Unveiling cinematic insights: analyzing my Letterboxd data

Introduction

Letterboxd is a fantastic platform for film enthusiasts to track and share their movie-watching experiences. Apart from being a hub for movie reviews and social interaction, it also provides a valuable dataset that can be harnessed to gain insightful statistics about your film preferences and habits. In this blog post, I will guide you through the process of extracting and analyzing your Letterboxd data, enabling you to uncover intriguing patterns and trends hidden within your cinematic journey.

Step 1: Exporting Your Letterboxd Data

To get started, you need to export your Letterboxd data. Follow these steps:

  • Log in to your Letterboxd account.
  • Click on your profile picture and select “Settings.”
  • Scroll down to the “Data Export” section.
  • Click on the “Request Data Export” button.
  • Wait for an email notification confirming that your data is ready for download.
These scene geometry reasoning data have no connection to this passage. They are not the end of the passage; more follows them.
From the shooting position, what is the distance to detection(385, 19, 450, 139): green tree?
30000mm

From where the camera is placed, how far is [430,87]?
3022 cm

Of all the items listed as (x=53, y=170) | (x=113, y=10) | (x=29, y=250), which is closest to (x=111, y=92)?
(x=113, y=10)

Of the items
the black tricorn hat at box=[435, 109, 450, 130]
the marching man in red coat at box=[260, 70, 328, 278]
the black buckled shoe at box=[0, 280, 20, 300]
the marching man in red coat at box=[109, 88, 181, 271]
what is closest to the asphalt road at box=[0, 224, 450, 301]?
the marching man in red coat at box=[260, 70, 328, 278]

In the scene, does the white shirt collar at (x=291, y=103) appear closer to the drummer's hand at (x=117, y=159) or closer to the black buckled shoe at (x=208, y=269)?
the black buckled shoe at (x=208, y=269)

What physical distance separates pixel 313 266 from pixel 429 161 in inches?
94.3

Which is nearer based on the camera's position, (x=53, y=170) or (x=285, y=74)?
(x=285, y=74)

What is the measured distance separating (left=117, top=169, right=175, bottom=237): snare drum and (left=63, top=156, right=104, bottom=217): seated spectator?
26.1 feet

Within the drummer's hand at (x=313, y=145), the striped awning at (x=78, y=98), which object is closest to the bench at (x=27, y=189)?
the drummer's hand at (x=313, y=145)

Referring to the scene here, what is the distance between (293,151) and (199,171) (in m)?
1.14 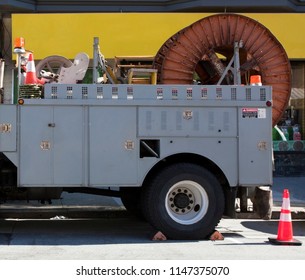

Once you receive the email, download the data export file. It will likely be in a compressed format, such as ZIP. Unzip the file to access the data in a CSV format.

To get started, we load our data from two CSV files: watched.csv containing details about the movies we’ve watched and ratings.csv containing our ratings for those movies. We then merge these datasets on common columns: 'Date', 'Name', 'Year', and 'Letterboxd URI'.

import pandas as pd

WATCHED_DATA_FILE = "/path/to/watched.csv"
RATING_DATA_FILE = "/path/to/ratings.csv"

watched_data = pd.read_csv(WATCHED_DATA_FILE)
rating_data = pd.read_csv(RATING_DATA_FILE)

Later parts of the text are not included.